Yüreği millet sevgisi ile dolu Milli Mücadele kahramanları üstlendikleri tarihi sorumluluğu imanla, inançla, en küçük umutsuzluğa kapılmadan yerine getirmişlerdi.

19 Mayıs 1919’da Mustafa Kemalle başlayan istiklal yürüyüşü; bitkinlik, umutsuzluk, yoksulluk içinde kıvranan ve hareketsiz kalmış millet varlığına eşsiz inancın muhteşem bir tezahürüdür.

Samsun’dan cemre gibi yüreklere düşen var oluş mücadelesi, Amasya’da milletin istiklalini yine milletin azim ve kararıyla kurtarılacağını belgelemiş, Erzurum ve Sivas Kongreleriyle gücüne güç katmış, manda ve himaye arayışlarını çok kesin şekilde reddetmiştir.
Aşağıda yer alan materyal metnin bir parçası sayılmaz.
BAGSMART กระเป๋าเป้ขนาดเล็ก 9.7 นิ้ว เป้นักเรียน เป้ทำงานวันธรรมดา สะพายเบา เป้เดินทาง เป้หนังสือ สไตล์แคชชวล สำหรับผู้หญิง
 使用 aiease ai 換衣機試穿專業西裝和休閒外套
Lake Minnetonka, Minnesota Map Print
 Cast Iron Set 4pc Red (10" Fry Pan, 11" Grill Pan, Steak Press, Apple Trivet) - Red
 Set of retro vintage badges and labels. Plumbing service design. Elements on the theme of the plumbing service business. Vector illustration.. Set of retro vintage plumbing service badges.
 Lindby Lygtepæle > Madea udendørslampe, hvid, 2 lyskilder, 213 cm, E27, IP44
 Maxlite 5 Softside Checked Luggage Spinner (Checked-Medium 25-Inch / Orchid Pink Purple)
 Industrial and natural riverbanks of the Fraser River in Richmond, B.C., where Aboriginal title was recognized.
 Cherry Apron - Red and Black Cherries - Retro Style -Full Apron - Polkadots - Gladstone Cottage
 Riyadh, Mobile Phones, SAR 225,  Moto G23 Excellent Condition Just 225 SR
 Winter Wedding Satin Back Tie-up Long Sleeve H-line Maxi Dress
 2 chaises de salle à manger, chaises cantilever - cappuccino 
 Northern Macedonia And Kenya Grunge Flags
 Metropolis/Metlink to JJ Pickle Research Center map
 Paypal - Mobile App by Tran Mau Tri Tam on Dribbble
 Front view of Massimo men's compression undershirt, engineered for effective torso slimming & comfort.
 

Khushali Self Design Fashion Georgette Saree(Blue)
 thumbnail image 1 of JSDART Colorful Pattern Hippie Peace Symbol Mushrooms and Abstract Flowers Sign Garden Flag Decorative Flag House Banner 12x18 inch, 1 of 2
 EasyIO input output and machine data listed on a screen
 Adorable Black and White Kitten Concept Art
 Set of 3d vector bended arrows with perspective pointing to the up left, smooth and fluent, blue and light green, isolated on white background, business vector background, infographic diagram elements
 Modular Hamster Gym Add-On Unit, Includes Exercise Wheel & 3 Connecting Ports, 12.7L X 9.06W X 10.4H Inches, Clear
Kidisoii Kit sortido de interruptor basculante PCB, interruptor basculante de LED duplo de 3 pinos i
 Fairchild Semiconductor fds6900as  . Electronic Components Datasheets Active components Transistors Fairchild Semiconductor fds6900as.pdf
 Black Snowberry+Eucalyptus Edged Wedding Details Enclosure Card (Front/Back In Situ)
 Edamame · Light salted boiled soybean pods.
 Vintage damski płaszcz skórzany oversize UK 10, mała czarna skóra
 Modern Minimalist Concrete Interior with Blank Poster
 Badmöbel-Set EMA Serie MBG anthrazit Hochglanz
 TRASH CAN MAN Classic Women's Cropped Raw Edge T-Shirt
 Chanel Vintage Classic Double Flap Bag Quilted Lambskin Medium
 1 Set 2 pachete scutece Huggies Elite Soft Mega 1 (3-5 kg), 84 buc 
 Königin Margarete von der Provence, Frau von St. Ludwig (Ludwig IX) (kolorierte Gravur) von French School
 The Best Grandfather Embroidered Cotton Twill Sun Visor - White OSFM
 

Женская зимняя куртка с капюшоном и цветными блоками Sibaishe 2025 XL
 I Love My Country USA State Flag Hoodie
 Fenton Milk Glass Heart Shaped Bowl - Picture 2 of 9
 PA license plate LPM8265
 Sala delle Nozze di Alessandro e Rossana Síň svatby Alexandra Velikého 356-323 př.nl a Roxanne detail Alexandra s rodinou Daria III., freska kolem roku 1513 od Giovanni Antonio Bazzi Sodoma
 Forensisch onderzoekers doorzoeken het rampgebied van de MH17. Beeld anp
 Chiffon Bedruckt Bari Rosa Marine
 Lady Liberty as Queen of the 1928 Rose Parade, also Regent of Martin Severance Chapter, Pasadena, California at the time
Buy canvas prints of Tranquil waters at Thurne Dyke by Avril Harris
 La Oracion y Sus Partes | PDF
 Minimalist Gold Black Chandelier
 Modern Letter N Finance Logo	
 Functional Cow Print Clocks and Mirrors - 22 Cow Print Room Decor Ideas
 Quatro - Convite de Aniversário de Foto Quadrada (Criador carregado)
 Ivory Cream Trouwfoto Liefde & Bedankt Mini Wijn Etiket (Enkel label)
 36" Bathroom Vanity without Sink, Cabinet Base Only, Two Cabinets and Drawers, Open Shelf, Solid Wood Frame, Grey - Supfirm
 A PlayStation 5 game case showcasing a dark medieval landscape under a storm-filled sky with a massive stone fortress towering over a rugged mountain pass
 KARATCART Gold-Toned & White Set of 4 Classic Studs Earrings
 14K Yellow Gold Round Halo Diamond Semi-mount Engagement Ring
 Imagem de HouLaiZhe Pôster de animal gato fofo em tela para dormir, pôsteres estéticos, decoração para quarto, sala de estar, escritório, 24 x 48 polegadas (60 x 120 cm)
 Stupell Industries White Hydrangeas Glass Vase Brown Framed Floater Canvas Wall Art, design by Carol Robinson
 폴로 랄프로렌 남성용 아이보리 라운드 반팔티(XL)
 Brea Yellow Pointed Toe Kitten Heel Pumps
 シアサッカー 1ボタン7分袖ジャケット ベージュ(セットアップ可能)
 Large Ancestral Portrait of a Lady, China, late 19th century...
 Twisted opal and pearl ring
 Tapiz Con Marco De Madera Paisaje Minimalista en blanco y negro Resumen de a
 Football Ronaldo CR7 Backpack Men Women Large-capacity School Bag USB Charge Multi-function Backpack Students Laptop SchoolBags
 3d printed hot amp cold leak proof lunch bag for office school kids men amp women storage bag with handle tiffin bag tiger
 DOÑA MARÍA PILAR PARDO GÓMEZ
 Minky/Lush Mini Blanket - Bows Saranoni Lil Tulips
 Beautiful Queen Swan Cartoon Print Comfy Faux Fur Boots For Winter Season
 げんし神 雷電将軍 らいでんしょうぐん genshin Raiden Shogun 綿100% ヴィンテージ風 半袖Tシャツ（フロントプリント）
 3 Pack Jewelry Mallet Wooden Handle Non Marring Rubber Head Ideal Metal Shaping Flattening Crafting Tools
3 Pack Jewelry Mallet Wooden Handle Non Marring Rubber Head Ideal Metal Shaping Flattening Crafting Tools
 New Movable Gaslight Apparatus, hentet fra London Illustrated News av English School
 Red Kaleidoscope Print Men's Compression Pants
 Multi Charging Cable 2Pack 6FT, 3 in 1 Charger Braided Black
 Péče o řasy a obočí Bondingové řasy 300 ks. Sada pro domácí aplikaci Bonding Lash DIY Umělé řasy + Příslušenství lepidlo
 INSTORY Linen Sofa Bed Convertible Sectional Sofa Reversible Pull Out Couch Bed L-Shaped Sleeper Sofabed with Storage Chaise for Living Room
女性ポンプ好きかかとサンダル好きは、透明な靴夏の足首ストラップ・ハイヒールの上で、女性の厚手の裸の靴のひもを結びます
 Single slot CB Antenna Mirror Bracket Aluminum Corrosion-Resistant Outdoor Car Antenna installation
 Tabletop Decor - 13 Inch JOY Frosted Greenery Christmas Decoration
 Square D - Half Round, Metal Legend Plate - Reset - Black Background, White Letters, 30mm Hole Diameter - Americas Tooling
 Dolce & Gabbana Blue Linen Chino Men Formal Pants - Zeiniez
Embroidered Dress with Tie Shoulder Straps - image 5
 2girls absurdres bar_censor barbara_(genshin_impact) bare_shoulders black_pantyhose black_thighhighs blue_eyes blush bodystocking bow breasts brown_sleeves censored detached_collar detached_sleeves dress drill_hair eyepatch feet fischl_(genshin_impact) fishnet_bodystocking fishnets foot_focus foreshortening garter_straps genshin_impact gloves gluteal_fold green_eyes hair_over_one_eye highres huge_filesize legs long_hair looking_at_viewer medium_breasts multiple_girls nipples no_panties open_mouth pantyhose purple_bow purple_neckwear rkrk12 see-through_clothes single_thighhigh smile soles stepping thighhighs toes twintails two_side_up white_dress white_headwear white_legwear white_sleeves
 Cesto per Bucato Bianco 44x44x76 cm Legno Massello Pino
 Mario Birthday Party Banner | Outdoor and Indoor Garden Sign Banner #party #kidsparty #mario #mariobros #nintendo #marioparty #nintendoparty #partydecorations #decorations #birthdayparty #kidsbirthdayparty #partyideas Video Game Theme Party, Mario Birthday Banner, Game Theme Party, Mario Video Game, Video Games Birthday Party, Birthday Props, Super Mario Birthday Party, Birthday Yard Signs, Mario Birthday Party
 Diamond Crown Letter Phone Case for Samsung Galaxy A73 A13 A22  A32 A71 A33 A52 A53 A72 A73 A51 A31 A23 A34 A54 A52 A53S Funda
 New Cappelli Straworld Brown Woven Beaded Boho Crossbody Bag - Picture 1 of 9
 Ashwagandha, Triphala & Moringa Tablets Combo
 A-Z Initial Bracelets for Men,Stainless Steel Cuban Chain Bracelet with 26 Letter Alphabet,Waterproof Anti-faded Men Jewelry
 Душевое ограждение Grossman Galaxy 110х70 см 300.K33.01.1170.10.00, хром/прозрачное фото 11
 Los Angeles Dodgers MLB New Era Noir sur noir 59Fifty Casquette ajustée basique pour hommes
Nitekim kademe kademe büyüyen, dalga dalga genişleyen 19 Mayıs Samsun şuuru; önce Ankara’da Meclis’in açılması, sonra kurtuluş savaşının kazanılması, nihayet Cumhuriyetimizin ilanı ile taçlanmıştır.

Bu itibarla, 19 Mayıs tarihi ile gelişen olaylar zinciri, atıl duran, bir hareket bekleyen millet varlığından nasıl bir mücadele yöntemi çıkabileceğinin emsalsiz bir örneğidir.

Adım adım ilerlenen bu yöntemin ayrıntıları ve esaslar ise;

Milli güçlere ve kanaat önderlerine dayalı bir meşruiyet,

Ortak duygu ve aklın bir araya getirildiği toplantı kültürü,

Milliyetçi düşüncenin ortaya çıkardığı tam bağımsızlık fikriyatı,

Dönemin küresel güçlerini defetmek için lazım olan kahramanlık,

Kimliği zayıflamış toplumda Türk milleti ortak paydasını yeniden yükseltmek için duyulan heyecanda aranmalıdır.

Bunun için, 19 Mayıs 1919 doğru okunmalı, doğru yorumlanmalıdır.

Bu görev en başta geleceğimizin güvencesi sevgili gençlerimizin omuzlarındadır.

19 Mayıs, zedelenen, aşağılanan, hor görülen milli onurun canlanışıdır.

19 Mayıs, Türk milletinin tarih sahnesinde yeniden parlayışıdır.

19 Mayıs, teslimiyetçiliğe, tavizkârlığa, pısırıklığa, acizliğe, köleliğe, esarete, işbirlikçiliğe karşı milli devletin doğuş habercisidir.

Biliniz ki 19 Mayıs, kararlılığın yılgınlığa, inancın bezginliğe, cesaretin korkaklığa, imanın küfre attığı tarihi tokattır.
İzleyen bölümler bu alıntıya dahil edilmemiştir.